In recent weeks, ChatGPT has transformed the world of the Internet. Every day, millions of people around the world try to use this service for their own purposes, and the web space is filled with articles that teach creative and clever uses of this service. But the introduction of the ChatGPT service by OpenAI had another side effect; More attention to the field of artificial intelligence. The same thing made us wonder, after messing around with ChatGPT, whether it is possible to combine this service with other artificial intelligence services to perform a specific task.
After a little searching and familiarization with different services, we reached the Microsoft Speech Studio service. This service allows you to train artificial intelligence to imitate your voice and use it for various tasks such as converting text to voice or voice chat with customers.
Therefore, we decided to teach you how to register and use Speech Studio in today’s post so that you can use it to create an audio service with the voice of your choice.

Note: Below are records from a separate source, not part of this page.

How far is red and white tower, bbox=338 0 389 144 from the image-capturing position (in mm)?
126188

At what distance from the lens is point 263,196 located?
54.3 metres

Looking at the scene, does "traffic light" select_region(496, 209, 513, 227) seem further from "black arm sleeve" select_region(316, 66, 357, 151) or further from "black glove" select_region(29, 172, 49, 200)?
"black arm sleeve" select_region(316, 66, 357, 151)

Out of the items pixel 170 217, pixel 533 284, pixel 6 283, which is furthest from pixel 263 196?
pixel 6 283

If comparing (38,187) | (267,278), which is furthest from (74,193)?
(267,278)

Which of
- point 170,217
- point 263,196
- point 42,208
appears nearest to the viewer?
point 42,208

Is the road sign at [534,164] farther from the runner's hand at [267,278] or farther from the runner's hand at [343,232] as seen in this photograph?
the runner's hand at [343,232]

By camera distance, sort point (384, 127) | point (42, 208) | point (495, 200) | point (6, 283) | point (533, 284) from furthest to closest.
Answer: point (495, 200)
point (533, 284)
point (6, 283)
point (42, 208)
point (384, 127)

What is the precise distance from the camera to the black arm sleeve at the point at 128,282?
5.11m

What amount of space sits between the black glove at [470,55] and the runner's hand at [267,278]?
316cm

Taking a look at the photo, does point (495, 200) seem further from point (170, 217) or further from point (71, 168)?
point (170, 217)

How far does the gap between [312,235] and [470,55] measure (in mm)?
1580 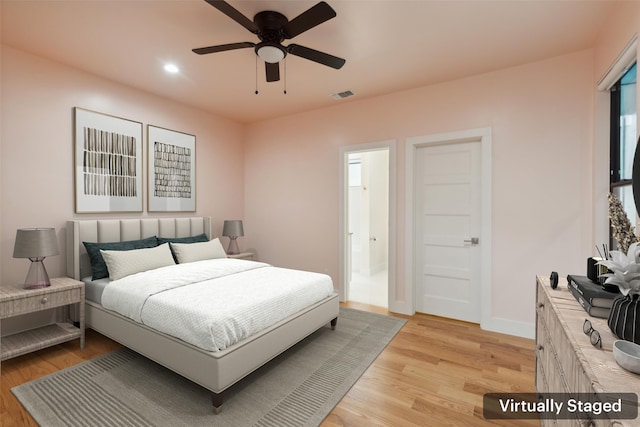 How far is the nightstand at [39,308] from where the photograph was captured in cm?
231

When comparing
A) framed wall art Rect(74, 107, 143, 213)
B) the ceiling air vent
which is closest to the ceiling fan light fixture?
the ceiling air vent

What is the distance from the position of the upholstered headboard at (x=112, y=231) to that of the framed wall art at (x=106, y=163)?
196mm

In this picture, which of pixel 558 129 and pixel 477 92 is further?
pixel 477 92

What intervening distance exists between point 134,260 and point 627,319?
3.52 metres

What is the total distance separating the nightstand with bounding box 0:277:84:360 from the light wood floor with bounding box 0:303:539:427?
166 millimetres

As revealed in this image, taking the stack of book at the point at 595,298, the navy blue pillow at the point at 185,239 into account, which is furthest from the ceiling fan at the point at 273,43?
the navy blue pillow at the point at 185,239

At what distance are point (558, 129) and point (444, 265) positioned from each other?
1.79 metres

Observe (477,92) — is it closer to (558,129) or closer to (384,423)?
(558,129)

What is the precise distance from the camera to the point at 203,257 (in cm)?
361

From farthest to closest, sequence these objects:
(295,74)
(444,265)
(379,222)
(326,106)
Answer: (379,222), (326,106), (444,265), (295,74)

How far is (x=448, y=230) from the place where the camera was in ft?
11.4

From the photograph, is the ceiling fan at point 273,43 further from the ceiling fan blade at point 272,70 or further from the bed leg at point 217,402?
the bed leg at point 217,402

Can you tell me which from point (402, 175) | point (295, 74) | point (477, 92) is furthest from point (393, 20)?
point (402, 175)

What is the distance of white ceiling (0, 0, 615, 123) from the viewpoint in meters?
2.13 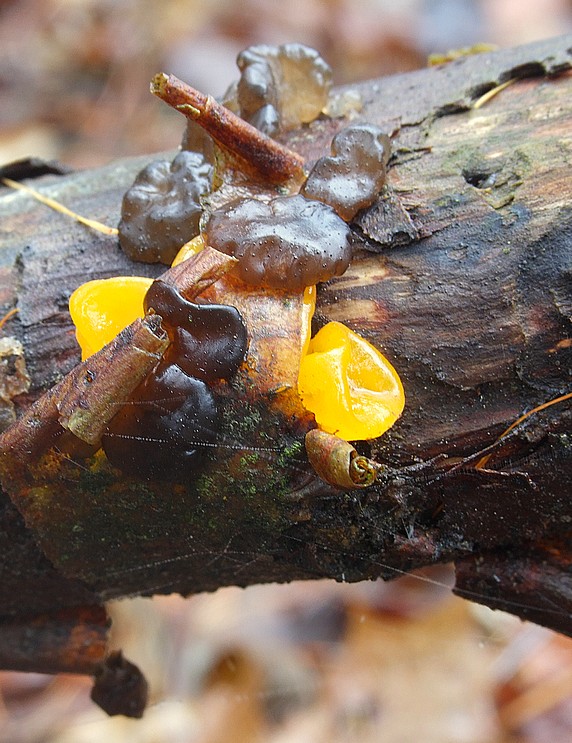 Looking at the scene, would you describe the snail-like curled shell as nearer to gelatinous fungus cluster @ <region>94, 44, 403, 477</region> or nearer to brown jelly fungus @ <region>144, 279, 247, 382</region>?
gelatinous fungus cluster @ <region>94, 44, 403, 477</region>

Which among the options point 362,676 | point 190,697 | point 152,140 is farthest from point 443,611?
point 152,140

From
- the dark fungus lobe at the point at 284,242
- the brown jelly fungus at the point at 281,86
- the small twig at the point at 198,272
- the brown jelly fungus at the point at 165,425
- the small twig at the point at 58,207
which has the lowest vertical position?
the brown jelly fungus at the point at 165,425

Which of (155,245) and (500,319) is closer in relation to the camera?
(500,319)

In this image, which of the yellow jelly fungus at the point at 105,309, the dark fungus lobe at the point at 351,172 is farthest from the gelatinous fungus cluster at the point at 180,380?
the dark fungus lobe at the point at 351,172

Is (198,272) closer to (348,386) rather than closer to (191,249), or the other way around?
(191,249)

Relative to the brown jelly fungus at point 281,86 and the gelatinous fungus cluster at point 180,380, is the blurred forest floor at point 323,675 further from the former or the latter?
the brown jelly fungus at point 281,86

Basic Preparations for Voice Using Artificial Intelligence
The Speech Studio service, like other Microsoft cloud services and artificial intelligence, is offered through Azure. Unfortunately, currently, Azure services (even free services) are not available for Iranian users. On the other hand, to create an account, you must have an international credit card, which is not possible for everyone. For this reason, we used intermediary services for registration. With a simple search on the Internet, you can find many intermediaries that will create an Azure account for you.
At the beginning of registration, Microsoft gives you a $200 gift to use its services. For educational purposes and personal use, this $200 is enough, but if you need more credit, intermediary companies can top up your account.
After you choose your broker and order an Azure account, you will receive an email with your account information. Note that to use this service, you should not log in with an Iranian IP. Although there is hope for Iranian users with the approval of new laws aimed at lifting the sanctions on cloud services and Kurso messaging until then, use an IP outside of Iran to ensure this.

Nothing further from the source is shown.